[EXERCISE DATA Boundary: Start]

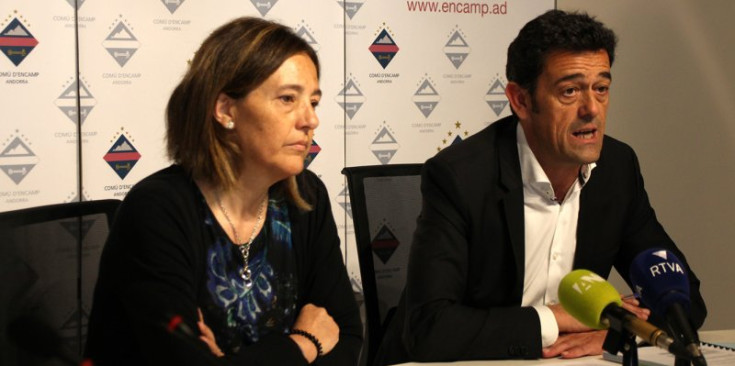 Esther París i Josep Àngel Mortés en la roda de premsa posterior a la reunió de cònsols.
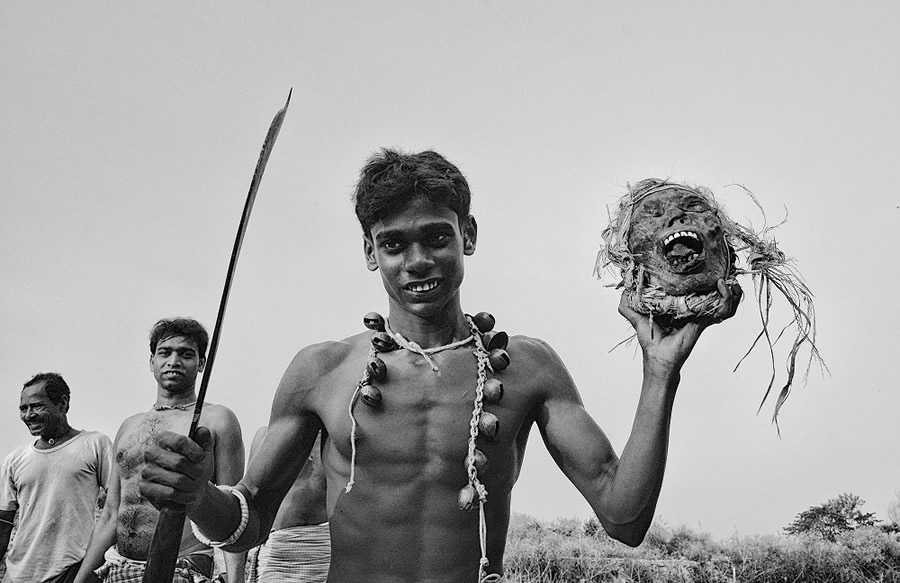 The Faith of Life - Photo Series About Gajan Festival in West Bengal By Avishek Das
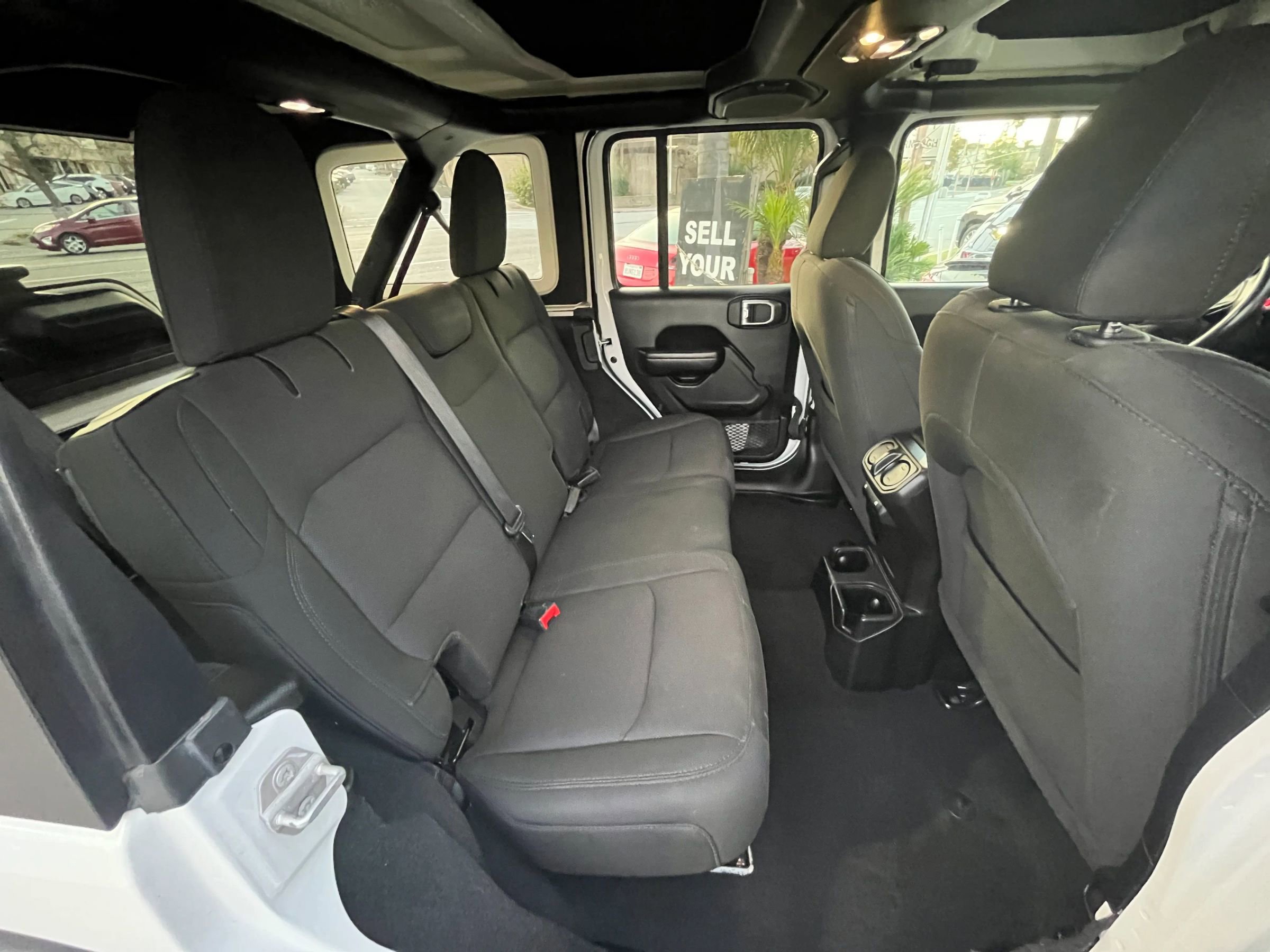 Used 2020 Jeep Wrangler Unlimited Sport image 11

[EXERCISE DATA Boundary: End]

- TASK BRIEF
With the pictures omitted, reproduce the data above exactly.

- SOLUTION TO THIS TASK
 Esther París i Josep Àngel Mortés en la roda de premsa posterior a la reunió de cònsols.
 The Faith of Life - Photo Series About Gajan Festival in West Bengal By Avishek Das
 Used 2020 Jeep Wrangler Unlimited Sport image 11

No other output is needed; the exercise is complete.